I can't speak to what HyperHacker means, but when I manipulated UTF-8
for handling internationalization on over 50 games, I never had to deal
with a SINGLE instance of grapheme clusters breaking the code. I ignored
them, and those 50 games were translated into at least 3 languages each,
and some as many as 9 languages (including Chinese, Japanese, and Arabic).
I would suggest that a LOT of UTF-8 usage in the real world follows that
pattern; not everyone is writing text entry fields.
If you're having to deal with completely arbitrary Unicode, then yes,
you need to deal with grapheme clusters. An optimization we added for
UTF-8 code points would actually be useful there, though: In each string
we cached the last code point offset requested. If you asked for s[i],
it would find the i'th code point, and remember the binary offset at
that code point, so loops like:
for (int i=0; i<s.length(); ++i)
// do something with s[i]
...would only need to "walk" the string from the last code point, which
is an O(1) operation up or down. You could use the same cache to "walk"
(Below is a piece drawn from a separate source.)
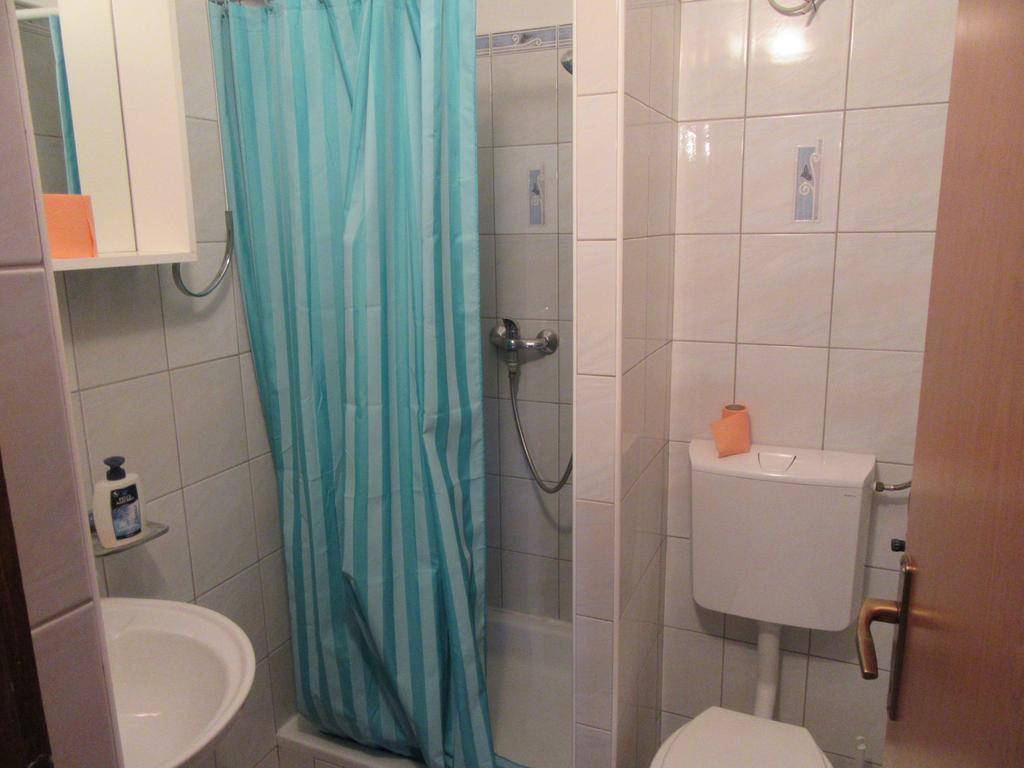 Apartments Leon Ražanac Екстериор снимка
grapheme clusters, and then it's mostly O(1), unless you have crazy
large clusters making up the text, at which point it's O(M) where M is
In neither case does it necessarily make the library hideously
heavyweight, though, unless adding an index/offset pair to each UTF-8
string is hideously overweight. The only obvious change is that, instead
of returning a code point, which can fit in an int, the s[i] above would
return a binary blob (effectively, an opaque string).